* [TASK TO CARRY OUT]
From the line containing "Sheep At Sundown" down to the last line of the records below, give every line again without any change.

=====

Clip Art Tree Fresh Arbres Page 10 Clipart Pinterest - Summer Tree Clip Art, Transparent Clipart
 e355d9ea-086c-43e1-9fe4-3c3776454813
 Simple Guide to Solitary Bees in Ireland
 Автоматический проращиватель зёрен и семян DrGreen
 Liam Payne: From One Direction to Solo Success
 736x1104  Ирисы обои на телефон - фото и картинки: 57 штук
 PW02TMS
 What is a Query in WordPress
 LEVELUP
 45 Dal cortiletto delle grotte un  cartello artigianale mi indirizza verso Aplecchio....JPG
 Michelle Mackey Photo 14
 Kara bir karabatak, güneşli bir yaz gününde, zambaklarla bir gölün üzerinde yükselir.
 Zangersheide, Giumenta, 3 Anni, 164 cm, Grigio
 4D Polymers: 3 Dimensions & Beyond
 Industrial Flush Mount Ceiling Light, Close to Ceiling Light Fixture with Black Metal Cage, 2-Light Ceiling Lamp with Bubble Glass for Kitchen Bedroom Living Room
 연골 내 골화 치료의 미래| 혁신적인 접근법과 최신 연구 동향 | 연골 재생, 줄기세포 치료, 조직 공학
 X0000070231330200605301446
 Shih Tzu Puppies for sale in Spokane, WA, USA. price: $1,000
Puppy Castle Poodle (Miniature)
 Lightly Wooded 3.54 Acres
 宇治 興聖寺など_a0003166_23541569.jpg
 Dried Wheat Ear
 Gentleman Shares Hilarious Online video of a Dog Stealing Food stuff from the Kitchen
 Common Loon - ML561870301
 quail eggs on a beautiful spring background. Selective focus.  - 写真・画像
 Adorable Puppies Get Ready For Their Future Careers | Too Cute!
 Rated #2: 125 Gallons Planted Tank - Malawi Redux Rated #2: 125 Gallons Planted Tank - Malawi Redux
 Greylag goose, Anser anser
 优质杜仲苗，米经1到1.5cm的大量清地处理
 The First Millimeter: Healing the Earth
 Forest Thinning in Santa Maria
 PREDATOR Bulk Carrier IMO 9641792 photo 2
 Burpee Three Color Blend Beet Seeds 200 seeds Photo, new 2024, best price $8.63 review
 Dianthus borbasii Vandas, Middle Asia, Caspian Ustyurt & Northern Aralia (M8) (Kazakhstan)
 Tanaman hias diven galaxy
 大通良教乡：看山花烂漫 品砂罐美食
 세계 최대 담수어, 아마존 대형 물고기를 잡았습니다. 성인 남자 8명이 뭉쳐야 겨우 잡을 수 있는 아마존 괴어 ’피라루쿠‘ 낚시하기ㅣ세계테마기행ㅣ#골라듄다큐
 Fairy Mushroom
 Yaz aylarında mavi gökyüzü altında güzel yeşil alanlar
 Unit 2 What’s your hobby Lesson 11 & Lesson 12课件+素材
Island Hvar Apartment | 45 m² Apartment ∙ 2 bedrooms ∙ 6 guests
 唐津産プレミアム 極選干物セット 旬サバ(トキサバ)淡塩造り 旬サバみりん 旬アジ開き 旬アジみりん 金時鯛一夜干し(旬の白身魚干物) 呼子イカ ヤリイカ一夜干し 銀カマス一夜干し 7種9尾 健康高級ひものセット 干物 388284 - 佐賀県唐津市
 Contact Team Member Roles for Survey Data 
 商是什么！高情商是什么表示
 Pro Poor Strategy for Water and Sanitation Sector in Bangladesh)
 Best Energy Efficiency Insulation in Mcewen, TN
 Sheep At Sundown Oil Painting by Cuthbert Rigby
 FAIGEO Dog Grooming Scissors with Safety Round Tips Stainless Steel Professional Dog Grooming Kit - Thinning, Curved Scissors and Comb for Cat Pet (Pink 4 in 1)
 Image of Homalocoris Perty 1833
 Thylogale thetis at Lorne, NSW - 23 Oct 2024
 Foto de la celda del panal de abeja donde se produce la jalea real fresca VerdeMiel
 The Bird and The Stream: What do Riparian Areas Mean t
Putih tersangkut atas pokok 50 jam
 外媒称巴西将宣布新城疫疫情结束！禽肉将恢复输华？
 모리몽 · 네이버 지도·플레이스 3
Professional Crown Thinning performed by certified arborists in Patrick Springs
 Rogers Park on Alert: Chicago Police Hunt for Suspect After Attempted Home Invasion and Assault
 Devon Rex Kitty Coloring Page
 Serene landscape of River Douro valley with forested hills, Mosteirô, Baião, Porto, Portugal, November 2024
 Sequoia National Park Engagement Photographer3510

=====

* [YOUR SOLUTION]
 Sheep At Sundown Oil Painting by Cuthbert Rigby
 FAIGEO Dog Grooming Scissors with Safety Round Tips Stainless Steel Professional Dog Grooming Kit - Thinning, Curved Scissors and Comb for Cat Pet (Pink 4 in 1)
 Image of Homalocoris Perty 1833
 Thylogale thetis at Lorne, NSW - 23 Oct 2024
 Foto de la celda del panal de abeja donde se produce la jalea real fresca VerdeMiel
 The Bird and The Stream: What do Riparian Areas Mean t
Putih tersangkut atas pokok 50 jam
 外媒称巴西将宣布新城疫疫情结束！禽肉将恢复输华？
 모리몽 · 네이버 지도·플레이스 3
Professional Crown Thinning performed by certified arborists in Patrick Springs
 Rogers Park on Alert: Chicago Police Hunt for Suspect After Attempted Home Invasion and Assault
 Devon Rex Kitty Coloring Page
 Serene landscape of River Douro valley with forested hills, Mosteirô, Baião, Porto, Portugal, November 2024
 Sequoia National Park Engagement Photographer3510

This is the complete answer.